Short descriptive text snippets
------------------------------

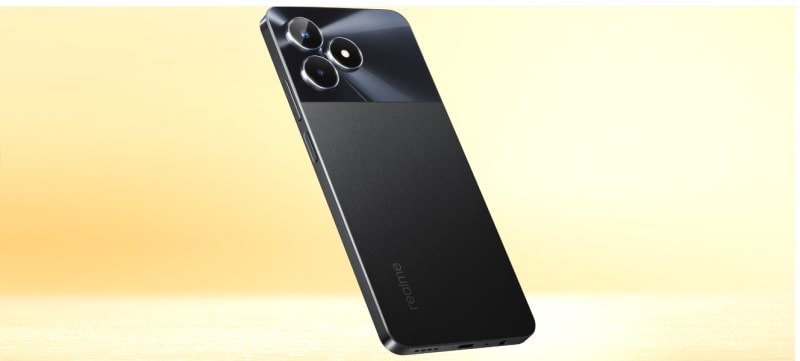 Immersive Display In A Budgeted Smartphone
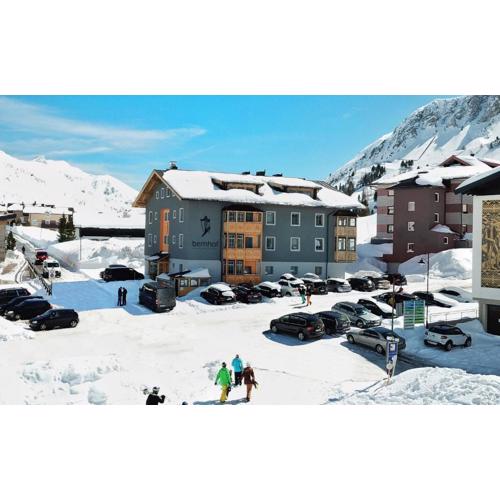 Aparthotel Bernhof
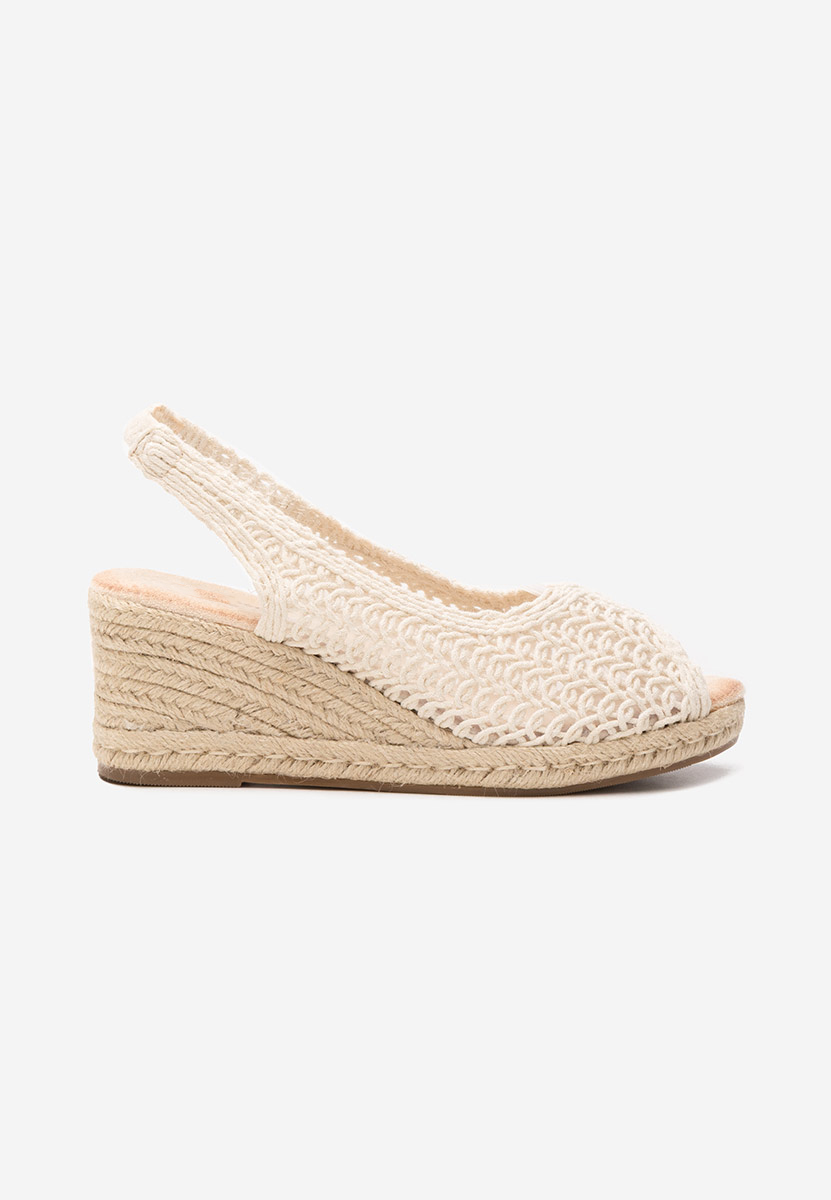 Béžové sandály na klínku Xiomara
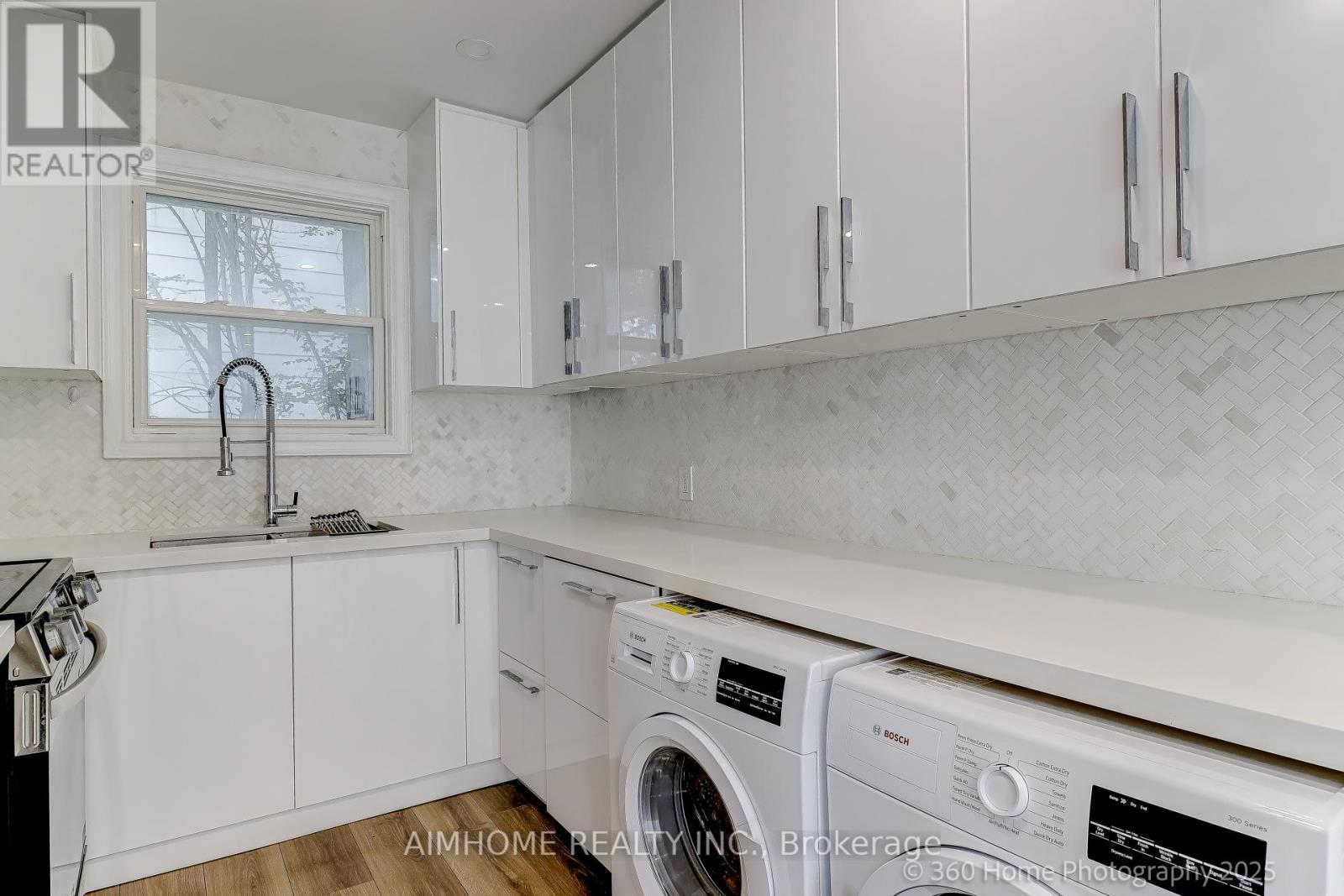 (Main) - 108 Steeles Avenue E, Markham, Ontario  L3T 1A4 - Photo 9 - N12353886
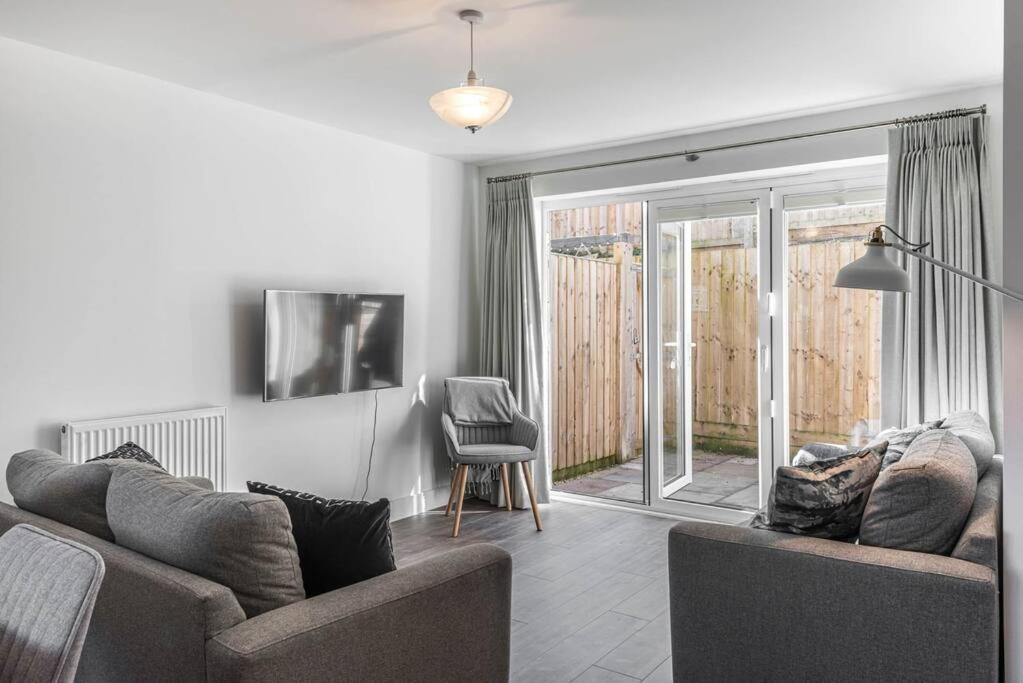 Holiday home Mews - Modern Townhouse With Patio And Private Parking *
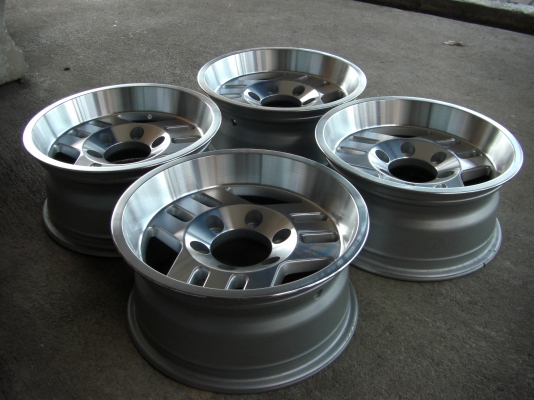 ล้่อขอบ 15"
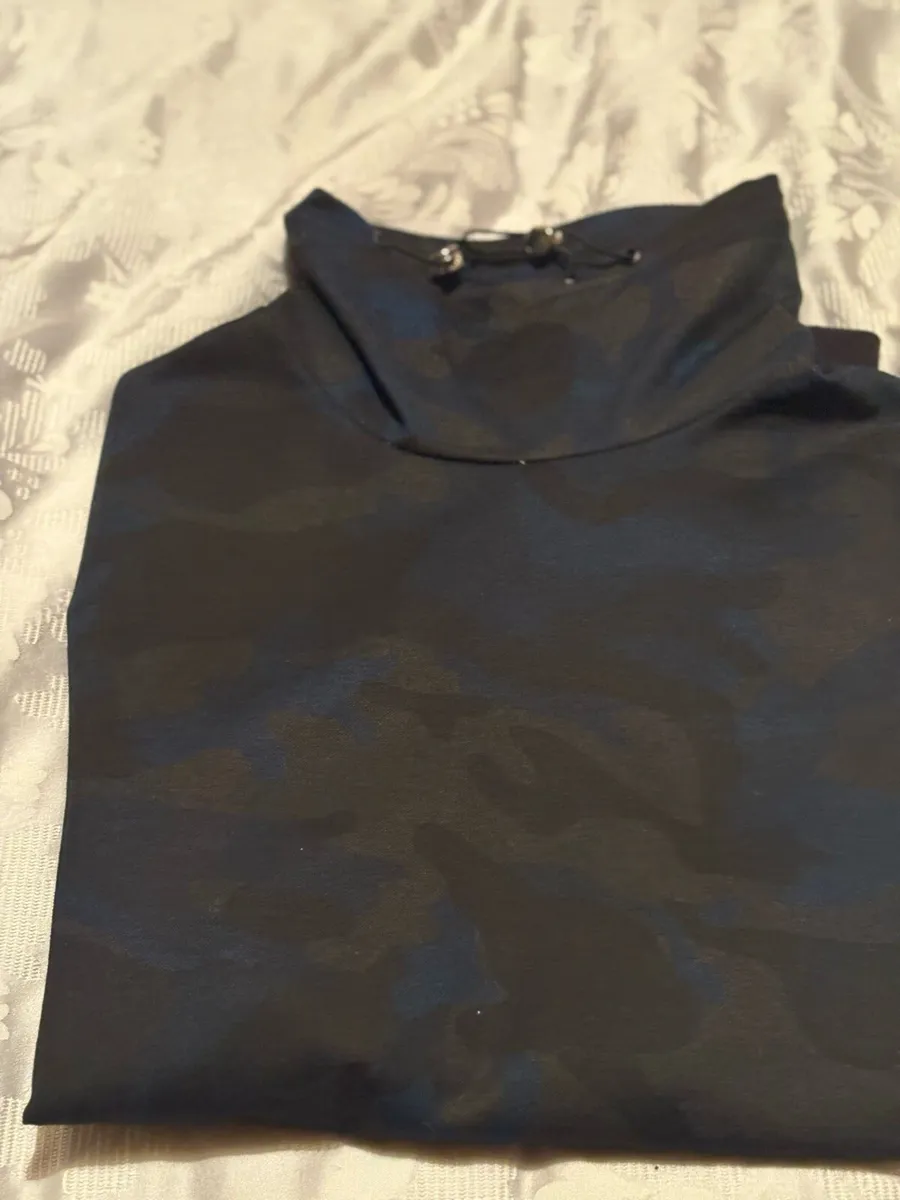 Various clothing - Image 2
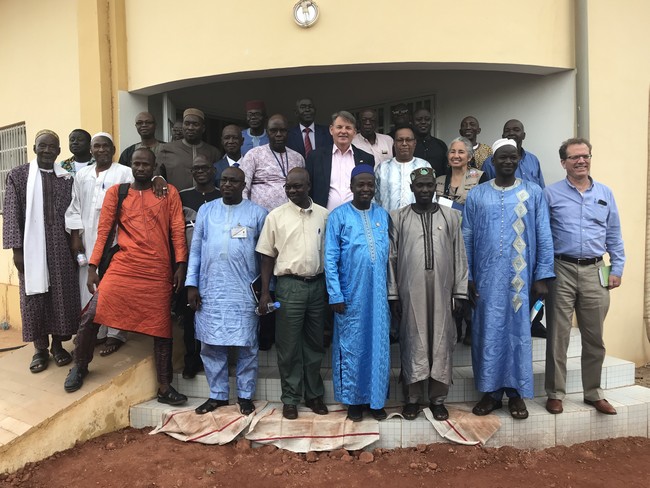 En visite à Ségou : L’ambassadeur Hankins s’engage à promouvoir l’éducation et la sécurité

------------------------------

Try it: Out of the records above, return only the lines from the one with "Béžové sandály na klínku Xiomara" through the one with "Various clothing - Image 2", exactly, and none of the pictures.

Answer box:
 Béžové sandály na klínku Xiomara
 (Main) - 108 Steeles Avenue E, Markham, Ontario  L3T 1A4 - Photo 9 - N12353886
 Holiday home Mews - Modern Townhouse With Patio And Private Parking *
 ล้่อขอบ 15"
 Various clothing - Image 2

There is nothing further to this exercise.